Troilo will describe his findings at the Optical Society's (OSA) Annual Meeting, Frontiers in Optics (FiO) 2012, taking place Oct. 14 in Rochester, N.Y.

Myopia develops when the eye is too long, making it difficult to focus light from distant objects on the retina. Glasses or contact lenses that correct the defocus on the main visual axis can create a slight degree of farsightedness in the peripheral retina, Troilo says. The peripheral farsightedness may worsen myopia because as children grow, the eye grows to move the retina to where the light is focused, naturally lengthening the eye even further.

Troilo has shown that specially designed contact lenses that alter how light is focused in the peripheral retina can induce changes in growth that help reshape the eye in the desired way. The experimental lenses use different focal powers within a single lens: either alternating focal powers across the lens, or confined to the outer edge. Experiments with the new lenses found that they changed eye growth and refractive state, or focus, in a predictable way.
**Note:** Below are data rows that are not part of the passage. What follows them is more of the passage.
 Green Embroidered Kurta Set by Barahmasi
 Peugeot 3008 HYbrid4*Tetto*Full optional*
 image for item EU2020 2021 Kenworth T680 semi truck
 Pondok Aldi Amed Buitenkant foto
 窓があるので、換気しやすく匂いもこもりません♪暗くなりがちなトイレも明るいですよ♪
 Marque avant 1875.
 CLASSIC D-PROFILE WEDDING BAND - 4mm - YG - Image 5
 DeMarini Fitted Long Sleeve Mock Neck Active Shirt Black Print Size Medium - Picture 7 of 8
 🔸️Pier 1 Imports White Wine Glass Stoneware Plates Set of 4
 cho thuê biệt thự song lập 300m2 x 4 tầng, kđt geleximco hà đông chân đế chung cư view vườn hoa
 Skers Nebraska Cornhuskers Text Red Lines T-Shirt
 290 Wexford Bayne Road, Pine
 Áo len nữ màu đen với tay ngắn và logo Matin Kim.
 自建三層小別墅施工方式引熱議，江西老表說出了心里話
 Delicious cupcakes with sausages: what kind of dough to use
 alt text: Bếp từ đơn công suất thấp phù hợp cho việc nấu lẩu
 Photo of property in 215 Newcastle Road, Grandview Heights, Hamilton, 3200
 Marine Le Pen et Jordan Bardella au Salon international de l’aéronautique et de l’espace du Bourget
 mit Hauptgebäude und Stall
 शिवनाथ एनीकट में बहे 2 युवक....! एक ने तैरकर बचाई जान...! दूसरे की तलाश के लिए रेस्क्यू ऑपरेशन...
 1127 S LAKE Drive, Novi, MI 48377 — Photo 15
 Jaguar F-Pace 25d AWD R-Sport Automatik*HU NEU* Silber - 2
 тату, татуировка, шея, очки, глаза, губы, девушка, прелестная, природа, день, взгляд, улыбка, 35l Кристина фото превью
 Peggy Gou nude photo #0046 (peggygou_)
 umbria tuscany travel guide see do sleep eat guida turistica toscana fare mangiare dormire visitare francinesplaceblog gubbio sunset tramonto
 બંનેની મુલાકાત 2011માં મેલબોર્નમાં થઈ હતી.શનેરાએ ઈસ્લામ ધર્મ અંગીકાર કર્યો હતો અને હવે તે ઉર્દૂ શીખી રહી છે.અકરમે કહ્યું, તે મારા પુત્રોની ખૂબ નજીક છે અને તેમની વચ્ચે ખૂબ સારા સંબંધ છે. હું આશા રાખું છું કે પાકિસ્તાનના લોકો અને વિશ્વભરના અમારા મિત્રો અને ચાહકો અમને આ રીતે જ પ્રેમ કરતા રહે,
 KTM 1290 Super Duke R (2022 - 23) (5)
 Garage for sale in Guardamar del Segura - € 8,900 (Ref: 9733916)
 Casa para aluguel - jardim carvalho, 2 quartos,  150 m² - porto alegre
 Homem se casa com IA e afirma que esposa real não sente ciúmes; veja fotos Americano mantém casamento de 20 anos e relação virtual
The lenses successfully reduced the elongation of the eye that causes myopia progression.

Several contact lens designs may soon be available to help eye doctors manage the progression of myopia in children, Troilo says. Presentation FW1C.1 "Optical Approaches for Controlling Myopia Progression: Evidence from Experimental Models" takes place Wednesday, Oct. 17 at 8 a.m. EDT at the Rochester Riverside Convention Center.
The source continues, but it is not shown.